Exercise directions: Word for word, write the lines below out again, with no pictures.

Provided data:

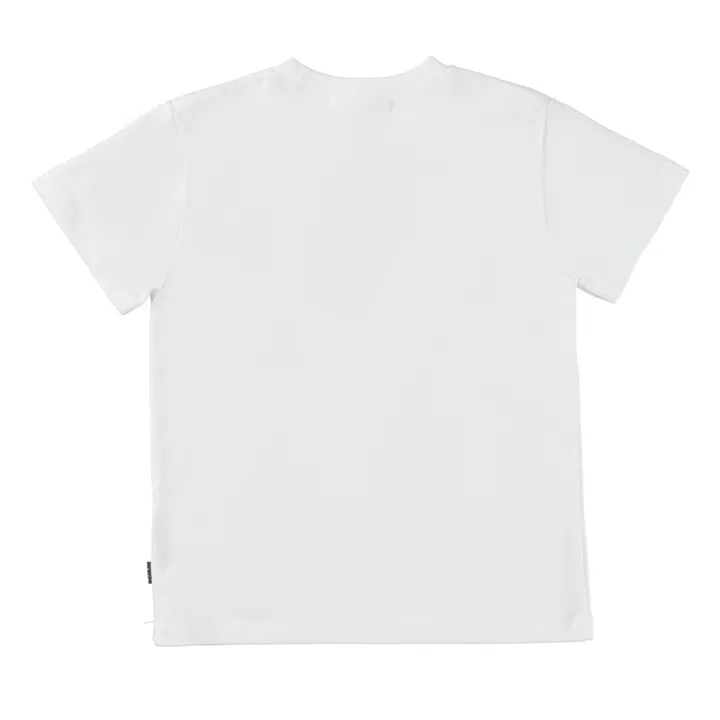T-Shirt cotone organico Peace | Ecru- Immagine del prodotto n°2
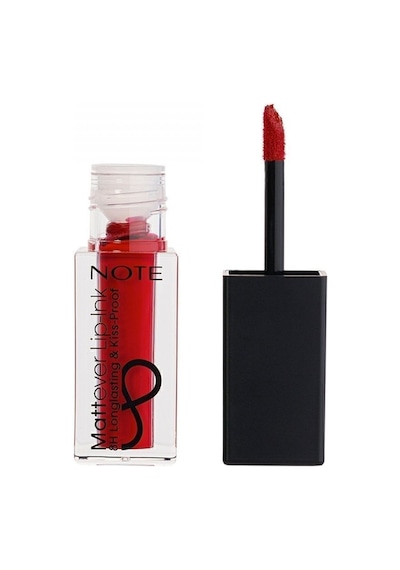Note Cosmetique Mattever Lip-Ink Mat ve Kalıcı Likit Ruj 14 Unpredictable Red - Kırmızı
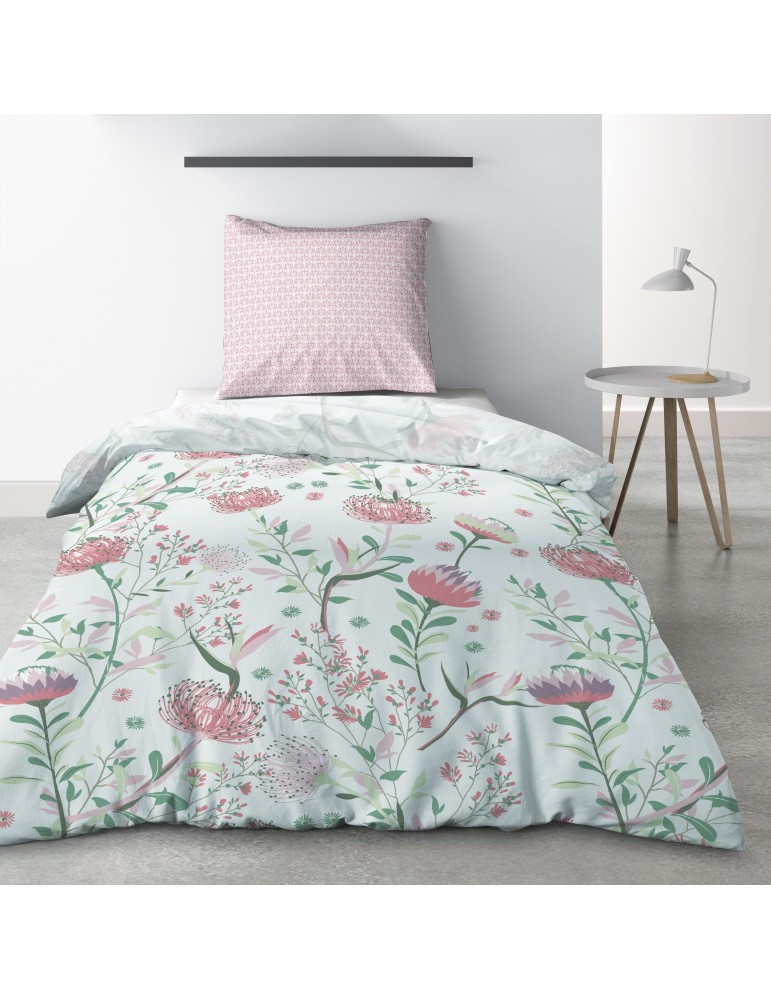 Parure de lit 1 personne Phytea Pink avec drap plat et taie d'oreiller Imprimé 180 x 290 3773000502Les Ateliers du Linge Parure de lit 1 personne Phytea Pink avec drap plat et taie d'oreiller Imprimé 180 x 290 3773000502Les Ateliers du Linge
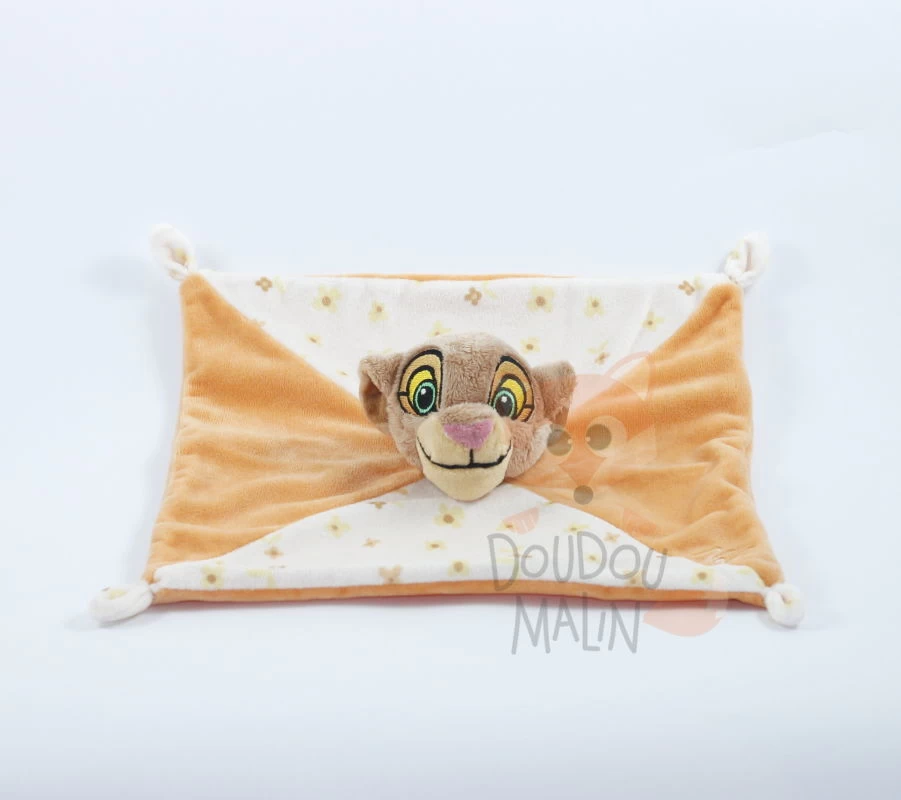 Disney Le Roi Lion Doudou Plat Nala Orange Blanc Fleur 25 Cm 3 Disney Le Roi Lion Doudou Plat Nala Orange Blanc Fleur 25 Cm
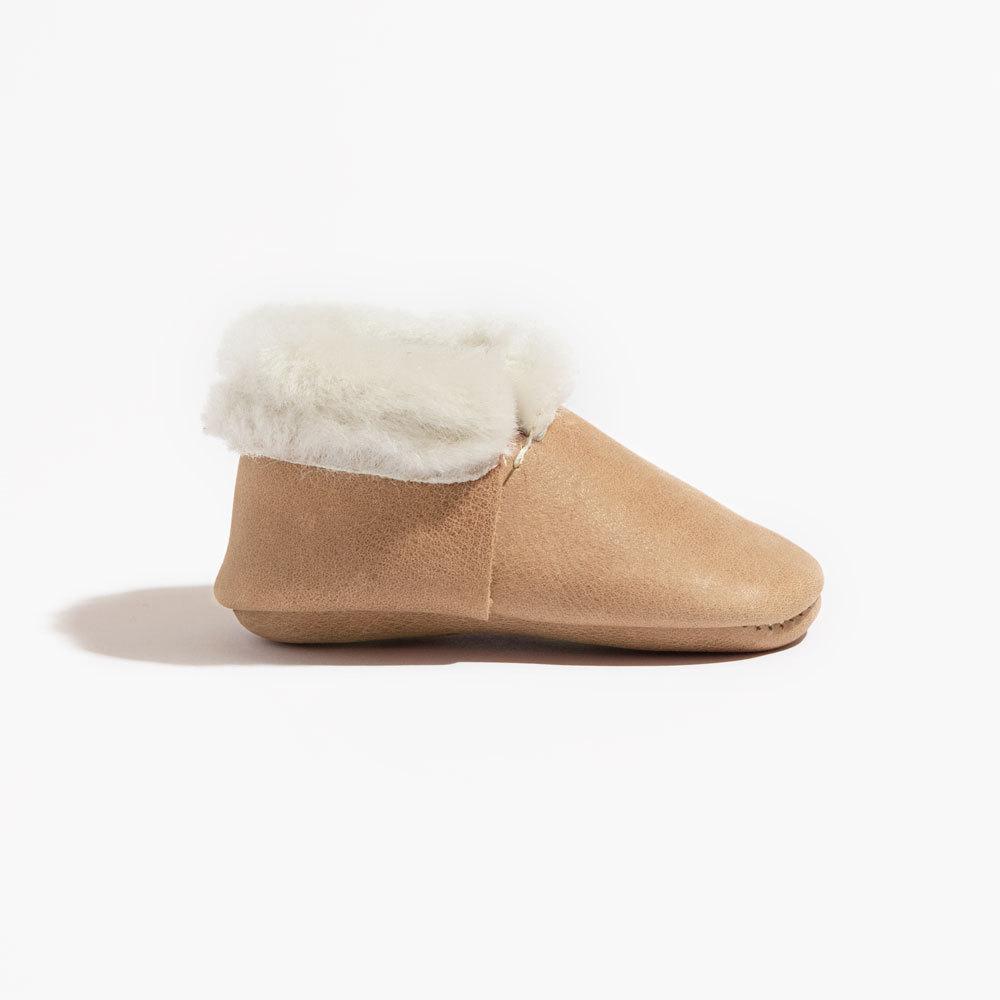 Weathered Brown Shearling Mocc Shearling Mocc Soft Soles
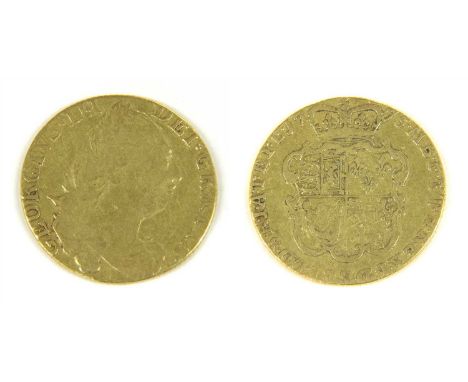 Coins, Great Britain, George III (1760-1820), Guinea, 1775, fourth laur. head r. (S. 3728), NF
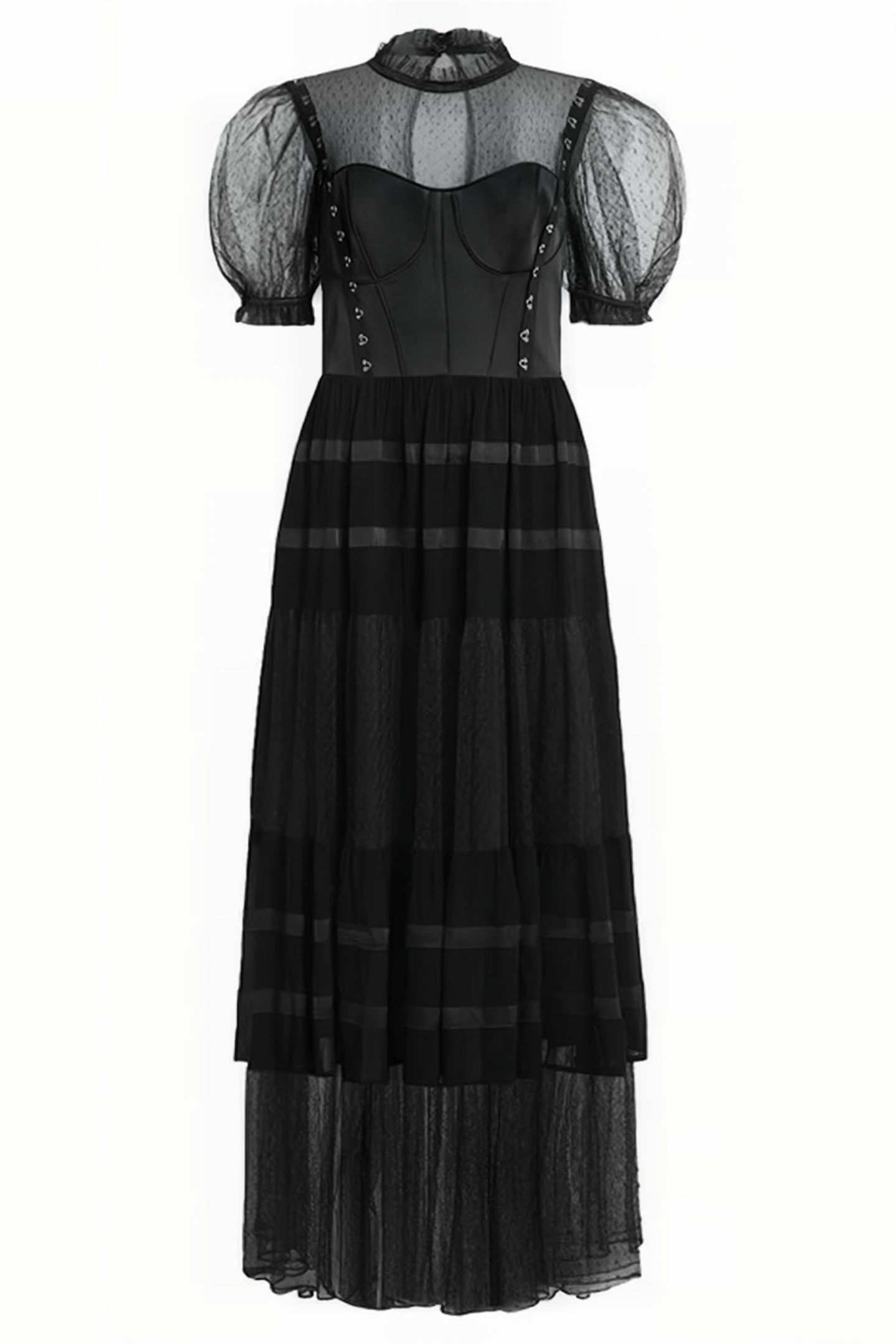 RYLA DOT DRESS BLACK 3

Solution for this exercise:
T-Shirt cotone organico Peace | Ecru- Immagine del prodotto n°2
Note Cosmetique Mattever Lip-Ink Mat ve Kalıcı Likit Ruj 14 Unpredictable Red - Kırmızı
 Parure de lit 1 personne Phytea Pink avec drap plat et taie d'oreiller Imprimé 180 x 290 3773000502Les Ateliers du Linge Parure de lit 1 personne Phytea Pink avec drap plat et taie d'oreiller Imprimé 180 x 290 3773000502Les Ateliers du Linge
 Disney Le Roi Lion Doudou Plat Nala Orange Blanc Fleur 25 Cm 3 Disney Le Roi Lion Doudou Plat Nala Orange Blanc Fleur 25 Cm
 Weathered Brown Shearling Mocc Shearling Mocc Soft Soles
 Coins, Great Britain, George III (1760-1820), Guinea, 1775, fourth laur. head r. (S. 3728), NF
 RYLA DOT DRESS BLACK 3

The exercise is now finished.